There is a new resolver module available at CIR (Chemical Identifier Resolver): “name patterns“. It allows for Google-like searches on our name index which currently holds approx. 70 million names. The module regards a chemical name, for instance the name “(p-Nitrobenzoyl)acetone“, internally as a sentence consisting of the three words “p“, “nitrobenzoyl“, and “acetone“. It is still kind of experimental, i.e. it might not work at times, but we would be happy to hear about how useful it is. The search for chemical names is perfomed by the Sphinx SQL full-text search engine.

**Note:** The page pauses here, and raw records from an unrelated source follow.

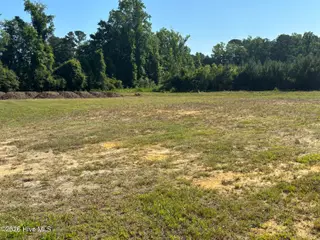 4676 Pleasant Plains Church Road, Whiteville, NC 28472 – photo 8: IMG_0835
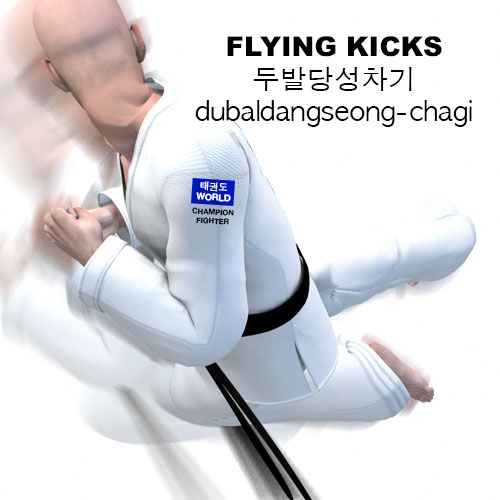 Flying Kicks ( 두발당성차기 dubaldangseong-chagi )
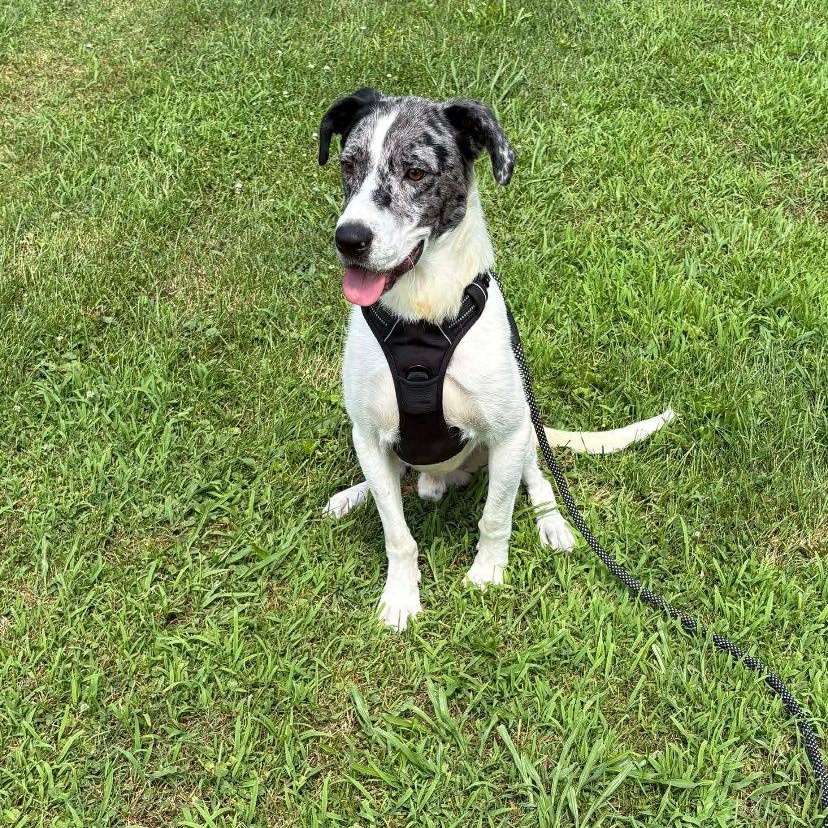 Diesel (20251123-01) — thumbnail 3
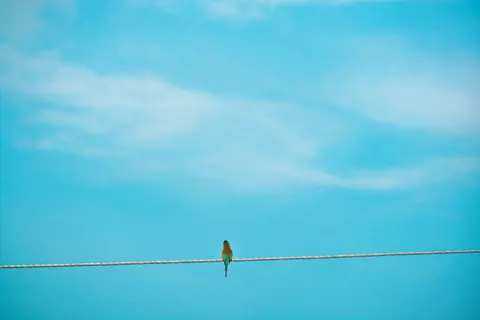 Kingfisher Bird 4K Wallpaper · birds · 3840×2560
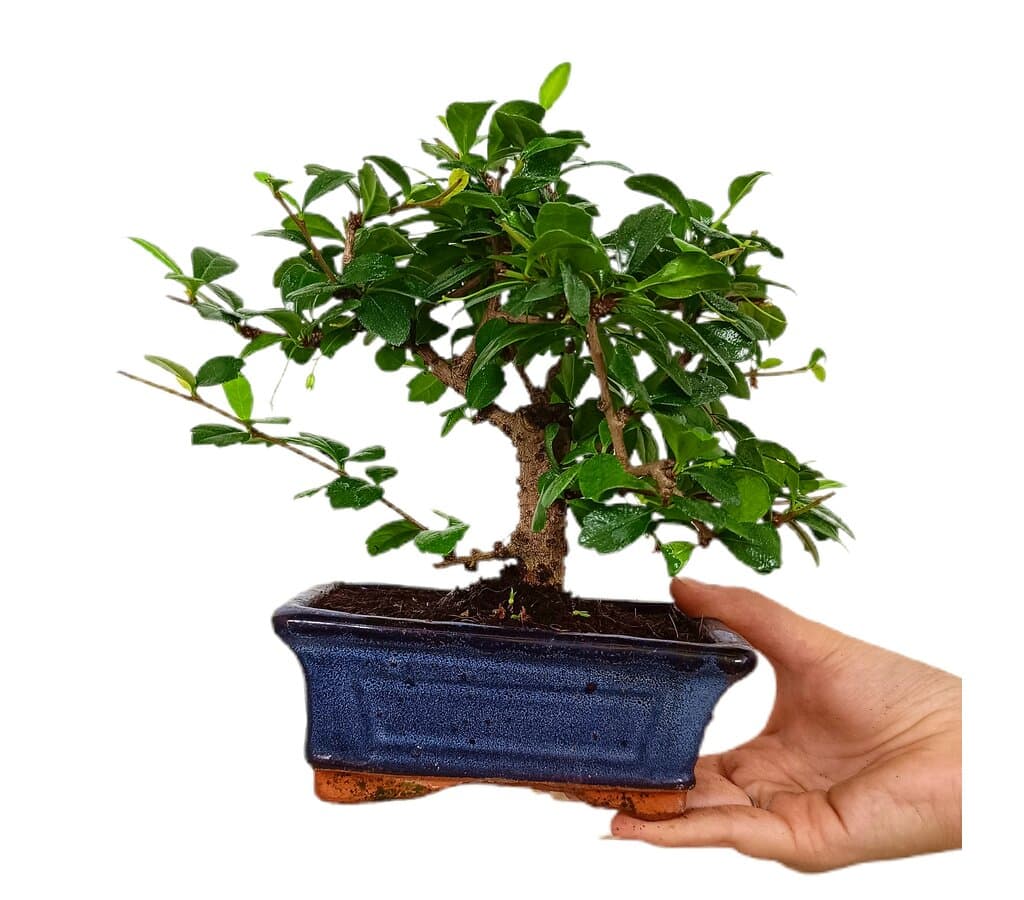 Bonsái Carmona Microphylla 5 Años (té De Filipinas)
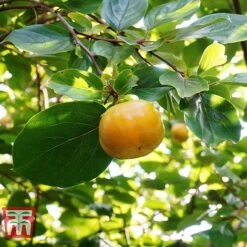 Sharon Fruit 'Fuyu' -Eden Yard Zone SHAR T14149 D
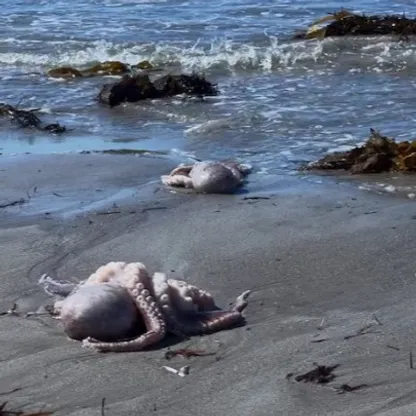 مسؤول: تفشي الطحالب السامة قبالة سواحل جنوب أستراليا "كارثة طبيعية"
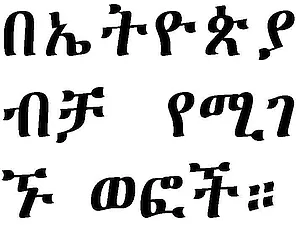 “Hyphenation” in line two with use of white space (Ethiopic)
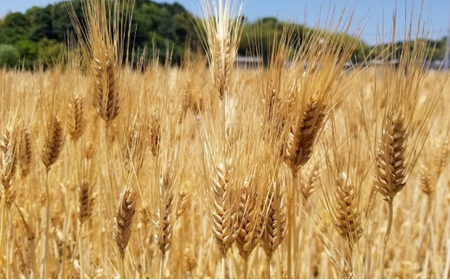 もち麦ラテ ココア 45g×8袋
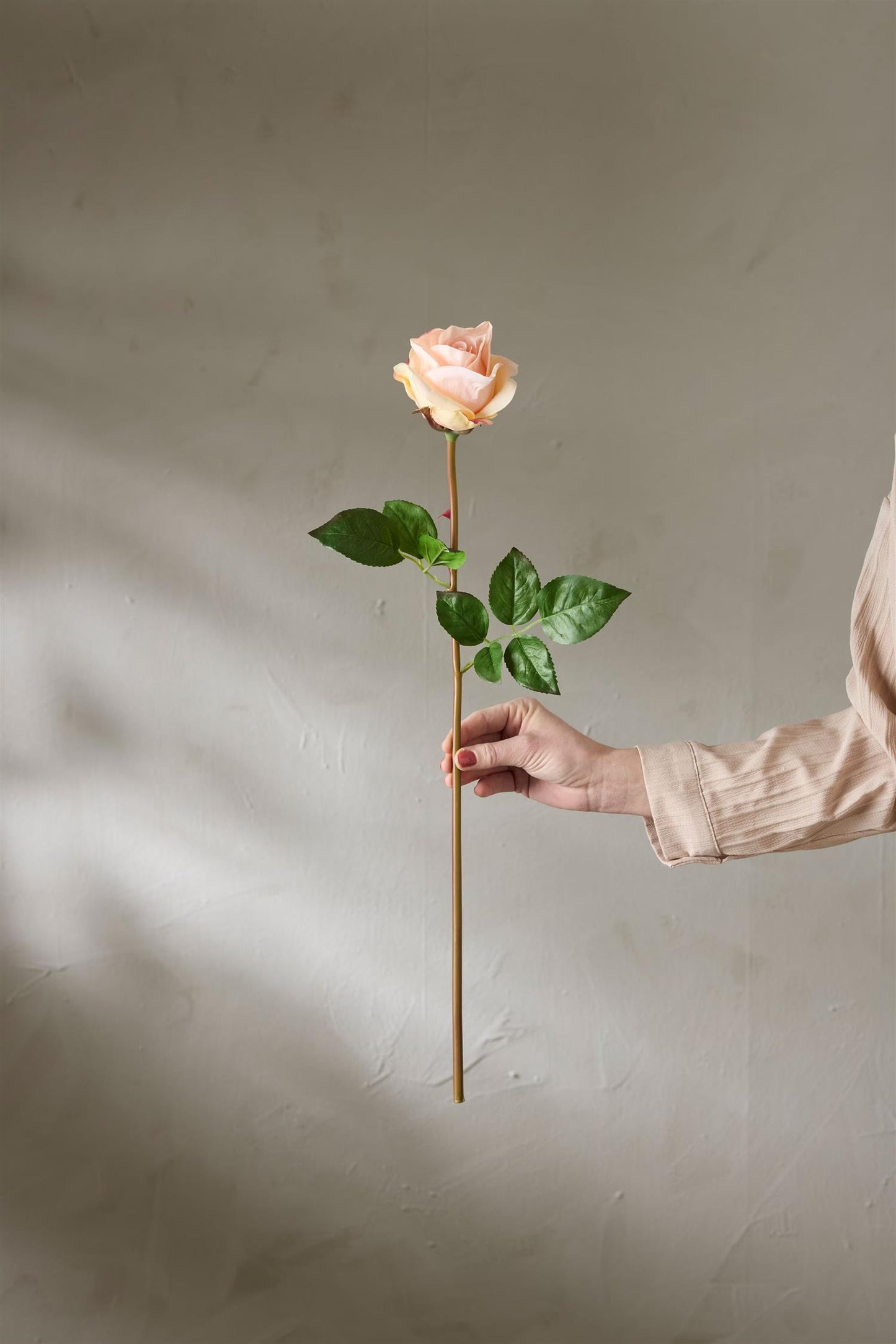 Rose apricot 65 cm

Before I show some examples, please note the following: because of performance reasons, CIR does not use the name pattern module per default, it has to be named explicitly by the resolver URL parameter “resolver“, e.g.
https://cactus.nci.nih.gov/chemical/structure/morphine/smiles/xml?resolver=name_pattern
This is the identical behavior to what we described in this earlier post for the “name by chemspider” resolver module. The URL shown above request the SMILES strings for all structures containing the word “morphine” in their name. The result is always restricted to the 100 most relevant entries (the relevance of a name is determined by Sphinx).
The usage of the name pattern module can also be combined with any other CIR module, e.g. the following request includes the “name by chemspider” module (for a full name match) and the “name pattern” module:
https://cactus.nci.nih.gov/chemical/structure/morphine/smiles/xml?resolver=name_by_chemspider,name_pattern
If you look at the XML returned by CIR, the name to which the name pattern successfully has been matched is available from the notation attribute of a data item:
<data id="3" resolver="name_pattern" string_class="Chemical Name Pattern" notation="Morphine N-oxide">
<item id="1">[C@@]125C3=C4C[C@H]([C@@H]1C=C[C@@H]([C@@H]2OC3=C(C=C4)O)O)[N+](C)([O-])CC5</item>
</data>
Examples
Now the cool things – all following examples request the SMILES strings for all structures whose names contain:
- the words “morphine” and “methyl” (name pattern: ‘+morphine +methyl‘):
https://cactus.nci.nih.gov/chemical/structure/+morphine +methyl/smiles/xml?resolver=name_pattern
- the words “morphine” and “methyl” but not “ester” (name pattern: ‘+morphine +methyl -esther‘):
https://cactus.nci.nih.gov/chemical/structure/+morphine +methyl -esther/smiles/xml?resolver=name_pattern
- the substring “morphine” as a word end (name pattern: ‘*morphine‘):
https://cactus.nci.nih.gov/chemical/structure/*morphine/smiles/xml?resolver=name_pattern
- the substring “morphine” somewhere in the name (name pattern: ‘*morphine*‘) :
https://cactus.nci.nih.gov/chemical/structure/*morphine*/smiles/xml?resolver=name_pattern
- the substring “*morphine*” and the literal string ‘ “3-methyl ether “‘ (name pattern: ‘+*morphine* +”3-methyl ether“‘)
https://cactus.nci.nih.gov/chemical/structure/+*morphine* +"3-methyl ether"/smiles/xml?resolver=name_pattern
Fancy things
- a single character “m” and the word “benzene” in a maximum distance of 3 words (nice to find smaller aromatic ring systems, name pattern: ‘“m benzene”~3‘):
https://cactus.nci.nih.gov/chemical/structure/"m benzene"~3/smiles/xml?resolver=name_pattern
- the words “magnesium” or “sodium” and the word “chloride” (name pattern: ‘(magnesium|sodium) +chloride‘)
https://cactus.nci.nih.gov/chemical/structure/(magnesium|sodium) +chloride/smiles/xml?resolver=name_pattern
(Long) Chemical names
The name pattern module can also be used to match full chemical names, however performance is not so good. Additionally, if you want to search, e.g., for ‘[2-[[(1R)-1-(benzyl)-2-keto-propyl]amino]-2-keto-ethyl]-[4-(difluoromethoxy)benzyl]-methyl-ammonium‘ you have to quote it, otherwise dashes are seen as minus operators (excluding the next word). So here is the correct way for a full name request:
https://cactus.nci.nih.gov/chemical/structure/"[2-[[(1R)-1-(benzyl)-2-keto-propyl]amino]-2-keto-ethyl]-[4-(difluoromethoxy)benzyl]-methyl-ammonium"/smiles/xml?resolver=name_pattern
However, for better performance and uncertainties about the spelling used in the database, it is probably smarter to ignore interpunctations and trying it this way (which only includes the important chemical syllables of the name above linked by + operators, name pattern: ‘+”(1R)-1-benzyl“ +keto +propyl +amino +ethyl +difluoromethoxy +ammonium‘):
https://cactus.nci.nih.gov/chemical/structure/"(1R)-1-benzyl+" +keto +propyl +amino +ethyl +difluoromethoxy +ammonium/smiles/xml?resolver=name_pattern
I hope it is useful,
Markus